While you may think this is a great way to keep the ears of your furbaby clean, by washing the inside of their ears you are actually more likely to cause an infection. This is because it increases moisture levels inside the ear canal, which combined with rising temperature and humidity, can make it a haven for bacteria and subsequent infection. Instead of using water, use a little pet ear cleaner, massage into the ear canal and use a soft clean cloth to wipe away any visible dirt. Never stick anything into your pet’s ear, especially a Q-tip!


2.     Brush your pet’s hair after a bath

Many owners mistakenly believe that it is going to be easier to brush wet/damp fur than dry. In fact, the opposite is true.
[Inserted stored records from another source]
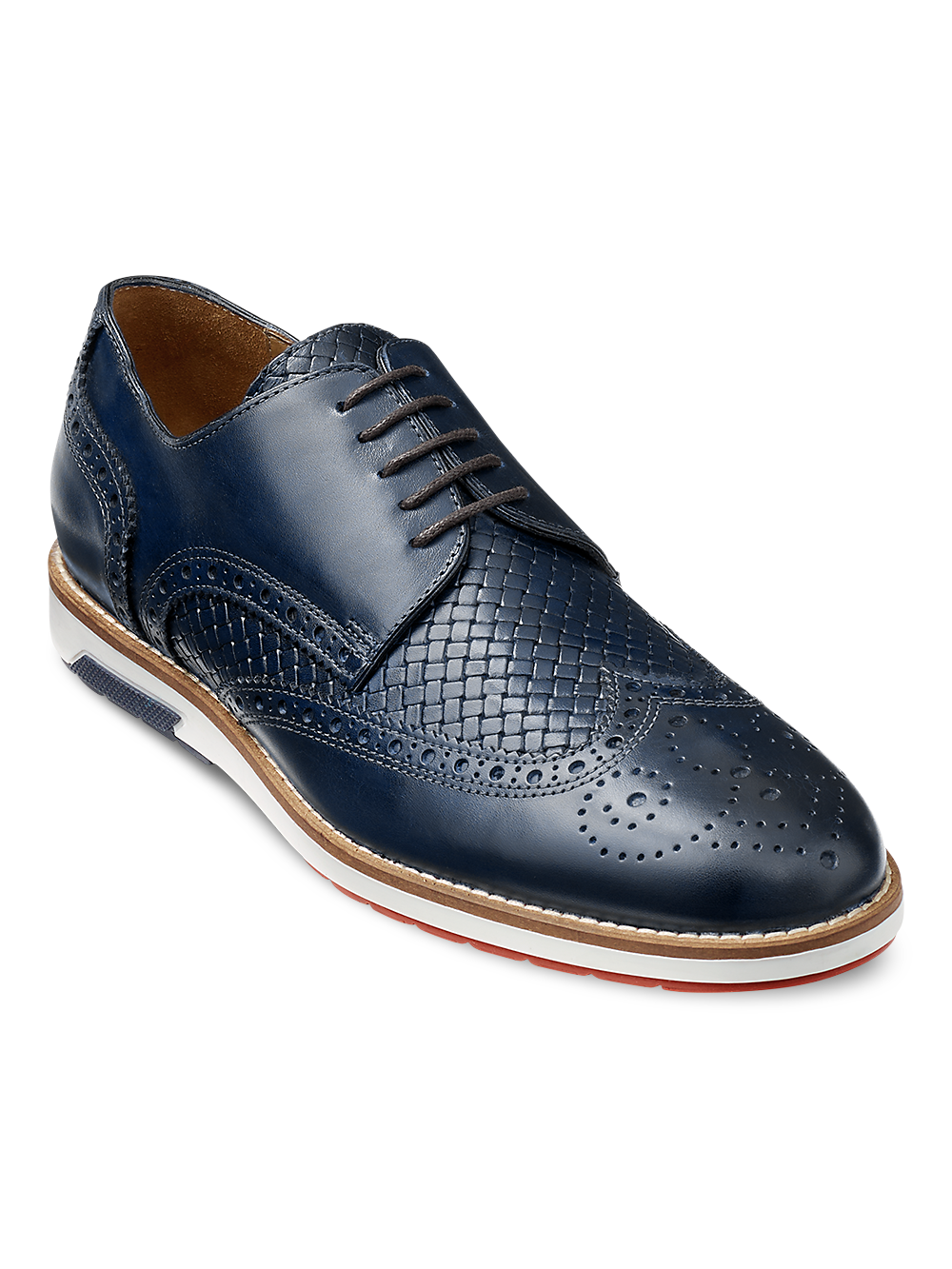 Product Image of Lewis Derby-Navy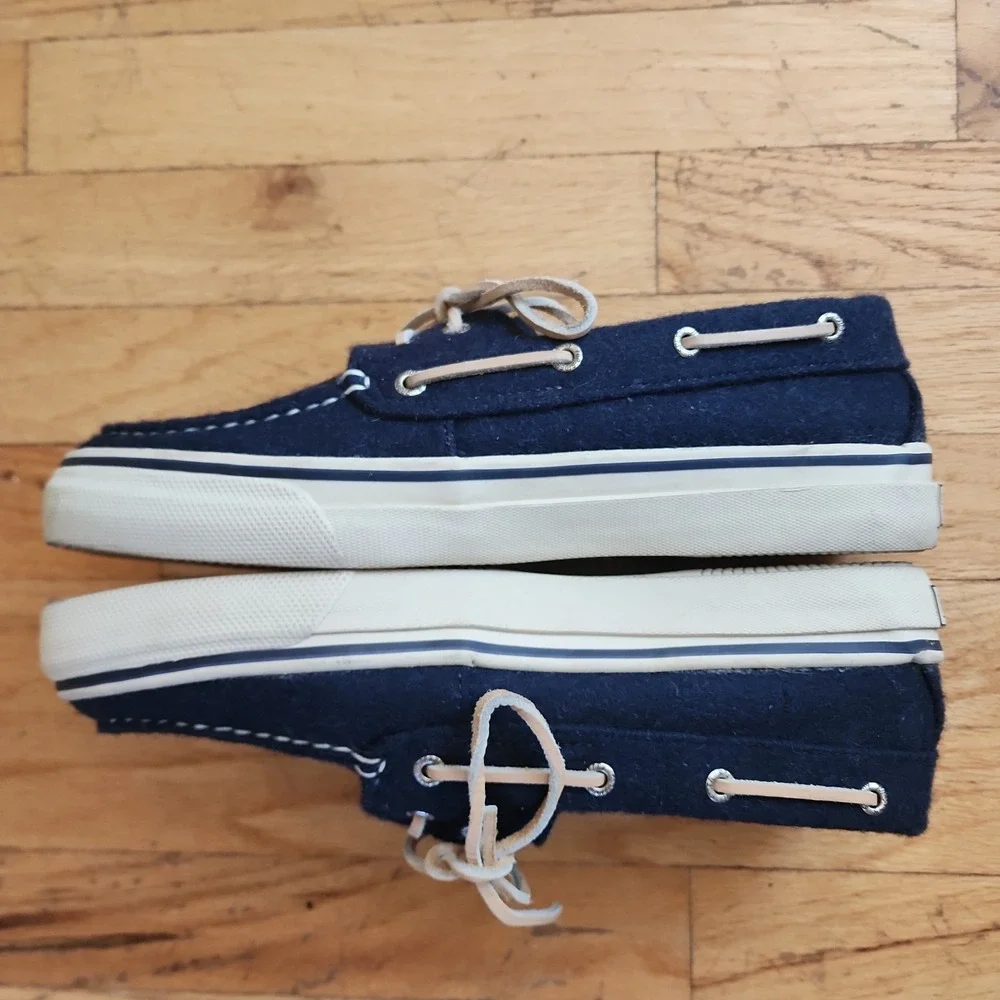 Sperry top sider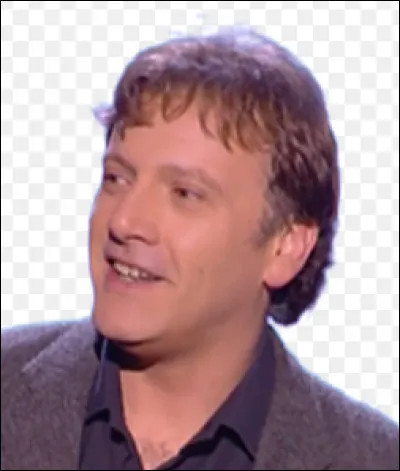 Qui est ce Philippe, auteur, comédien et humoriste ?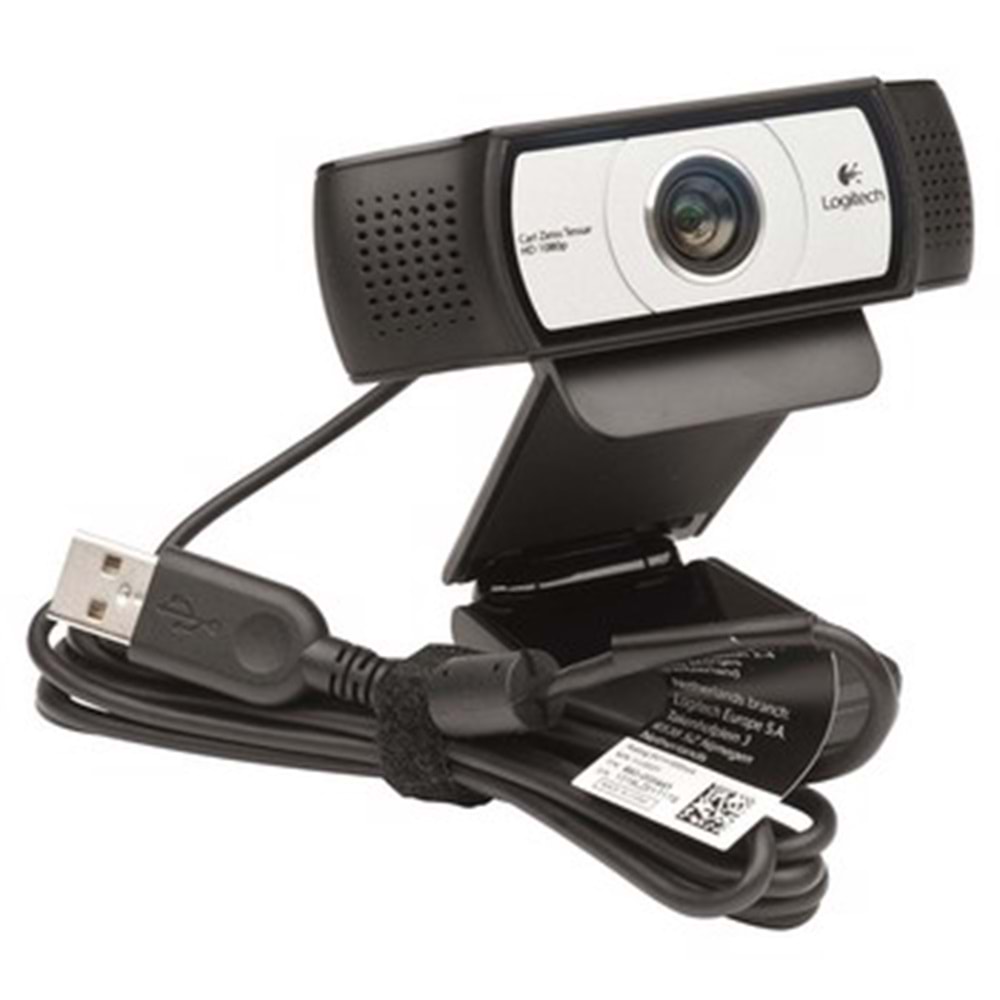 Logitech C930E Webcam 960-000972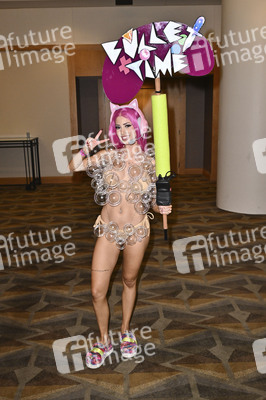 Impressionen von der San Diego Comic-Con International 2025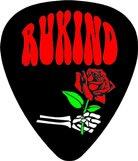 rukind.org Grateful Dead tabs music forum.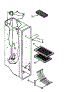 Freezer Liner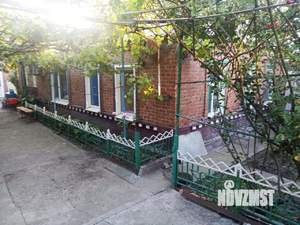 Дом 100м², 1-этажный, участок 6 сот.  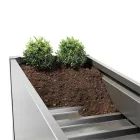 Biohort Belvedere® virágágyás  -MIDI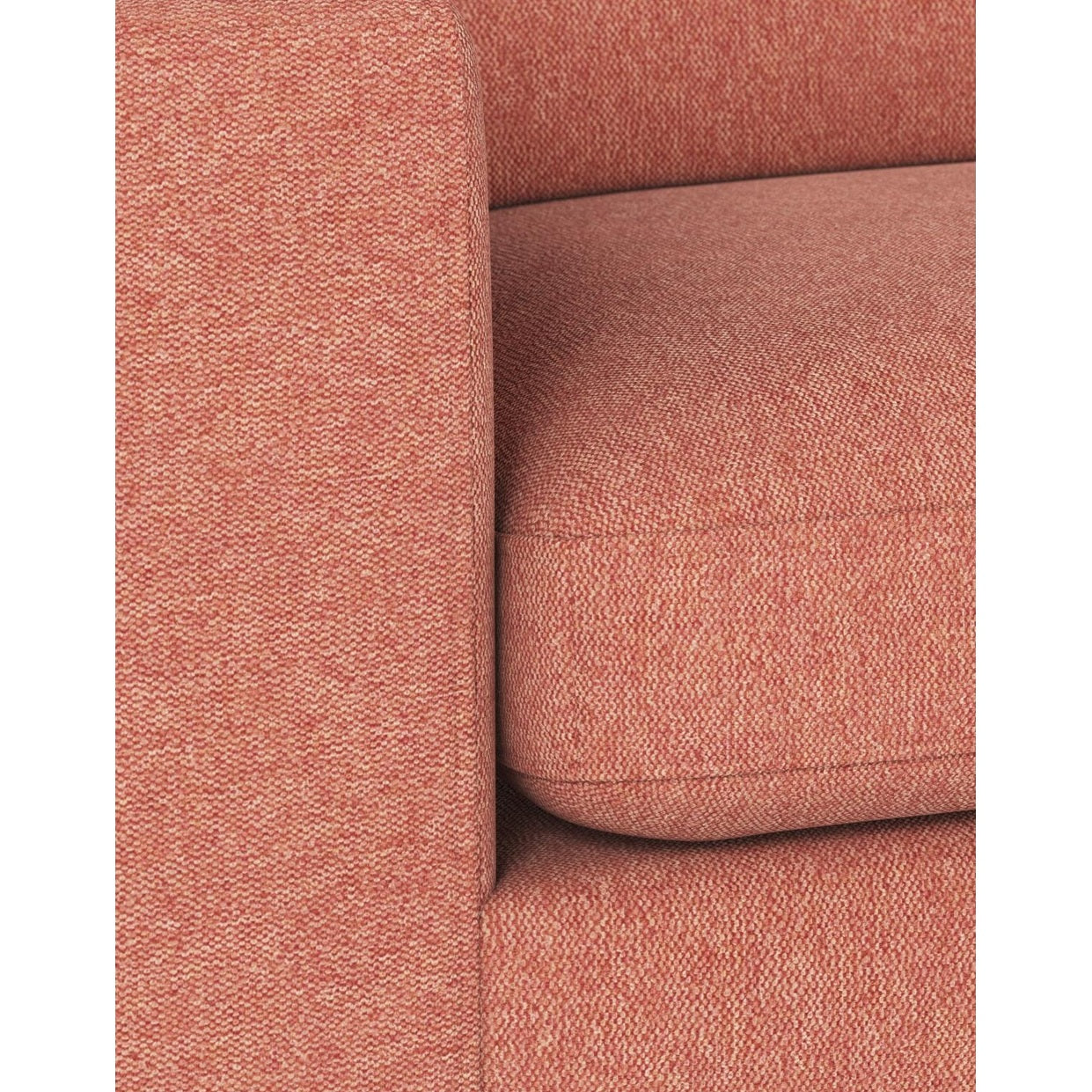 Duncan sofa 3-seter sjeselong venstre Rowico Sofa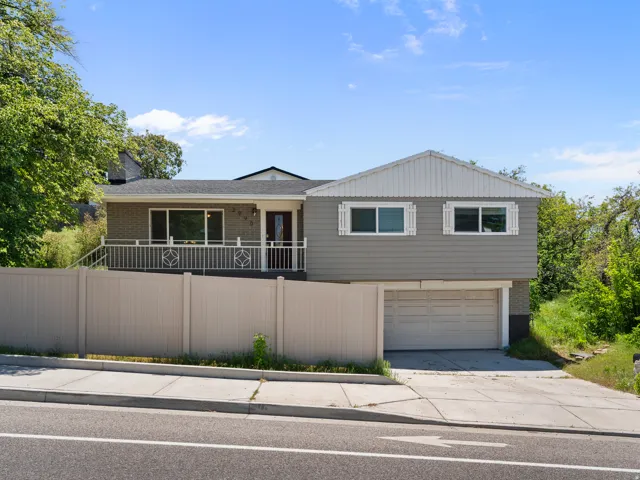 2990 E 3900 S, Holladay, Utah 84124
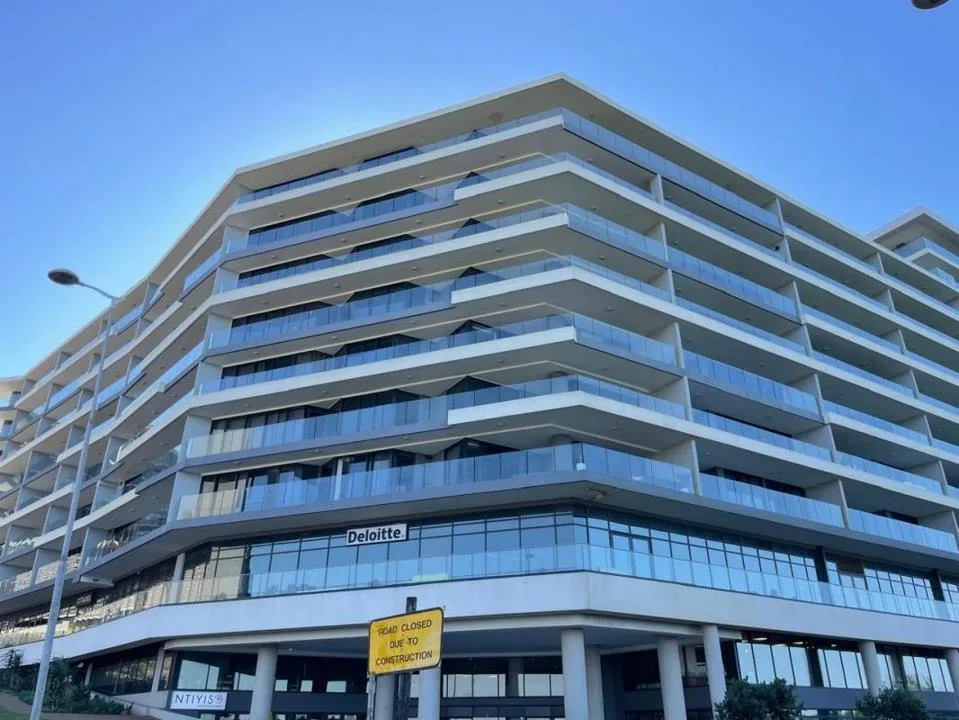 3 Bedroom Apartment / flat to rent in Umhlanga Ridgeside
Water can make knots and matted areas much harder to deal with and you may end up damaging her fur and/or hair follicles. Instead, give her a good brush before her bath to remove any excess dirt and hair before she gets into the water. Then once you have bathed her, dry her as much as possible before gently using a wide-tooth brush or comb to gently brush her hair in the direction of growth to remove any tangles and stimulate the production of oils that keep her coat healthy and shiny.


3.     Bath too often

We might like to bathe or shower every day, but the same needn’t be said for your pet. Not only is it a big effort on your part, but it can actually do more harm than good to her skin. Bathing too frequently can dry her skin out and cause irritation. Again, your pet needs natural oils to keep her skin and coat healthy. Unless our vet recommends otherwise, a single bath each month should be sufficient.


4.     Not using sharp enough clippers and rushing nail trimming

Clipping your pet’s nails is a challenge and one that most owners like to leave to the professionals. Nevertheless, with patience and practice it can be something that you can do yourself. Make sure you have the right type of clippers and that they are sharp enough to cut through the nail in one move. Dull clippers will crush rather than cut your pet’s nail. Take your time, go slowly and make sure you don’t cut the quick. Our vet will be happy to give you a demonstration if you ask.